Tier1 Operations Report 2010-12-22

From GridPP Wiki
Jump to: navigation, search


RAL Tier1 Operations Report for 22nd December 2010

Review of Issues during the week from 15th to 22nd December 2010.

  • Intermittent problems has been seen by CMS in the connectivity of worker nodes with their squids were reported last week. The cause has been traced to a configuration which required that each file access needs a DNS lookup of the name of the CERN peered server. This has now been corrected.
  • An Alice tape broke. It had some 12,000 files on it, of which around 4,000 were recovered from the staging disk. Alice have been informed.
  • Thursday 16th - Late afternoon we failed a LHCb VO SAM test on srm-lhcb. The cause was the Castor JobManager which had stopped responding (although the process was running fine.)
  • Thursday 16th - A failed transceiver was found (and replaced) on one of the pair of uplinks from switch stack 13. For some time we had been running with only one of the pair of links working.
  • Friday 17th Dec. One call-out for gdss70 (LHCbMDST) failed with file system errors. There were no un-migrated files on the server and it remains out of production for investigation.
  • Friday 17th Dec. Overnight we saw a very high rate of access to Castor by Atlas and we failed a lot of transfers with the Castor scheduler (LSF) struggling. Atlas blacklisted the UK cloud. The number of FTS transfers and total batch jobs were throttled back and the situation was recovered.
  • GDSS357 (CMSFarmRead) failed overnight Saturday/Sunday (18/19 December). The hardware fault is being followed up with the vendor.
  • The rolling update of microcode on the tape drives was completed (second half done Tuesday 21st December)

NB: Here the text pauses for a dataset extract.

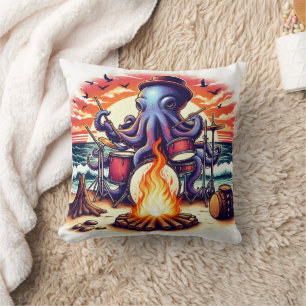 Octopus speelt drums bij Sunset Beach Campfire Kussen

Current operational status and issues.

  • Problems with a particular batch of disk servers that has been responsible for a significant number of disk server failures: These servers are being drained and taken out of use. This process is well underway and expected to compete within the next week or so.
  • Transformer TX2 in R89 is still out of use.

Declared in the GOC DB

  • 17/18 January: Upgrade to 64-bit OS on Castor disk servers for Atlas.

Advanced warning:

The following items are being discussed and are still to be formally scheduled:

  • Application of kernel update to batch server (some small risk to batch services).
  • Upgrade to 64-bit OS on Castor disk servers to resolve checksumming problem. Possible dates for this are:
    • CMS - Late January or Early February 2011.
  • 22/23 January. Weekend power outage in Atlas building (leading to "At Risk").
  • Increase shared memory for OGMA, LUGH & SOMNUS (rolling change).
  • Address permissions problem regarding Atlas User access to all Atlas data.
  • Upgrade all Oracle databases from version 10.2.0.4 to 10.2.0.5 (assuming this upgrade goes OK at CERN).

Plans for Christmas and New Year Holidays

The Tier1 will remain up over the holiday. Details of the plans have been published via a blog entry at:

http://www.gridpp.rl.ac.uk/blog/2010/12/10/ral-tier1-%E2%80%93-plans-for-christmas-holiday/

Entries in GOC DB starting between 15th and 22nd December 2010.

  • None.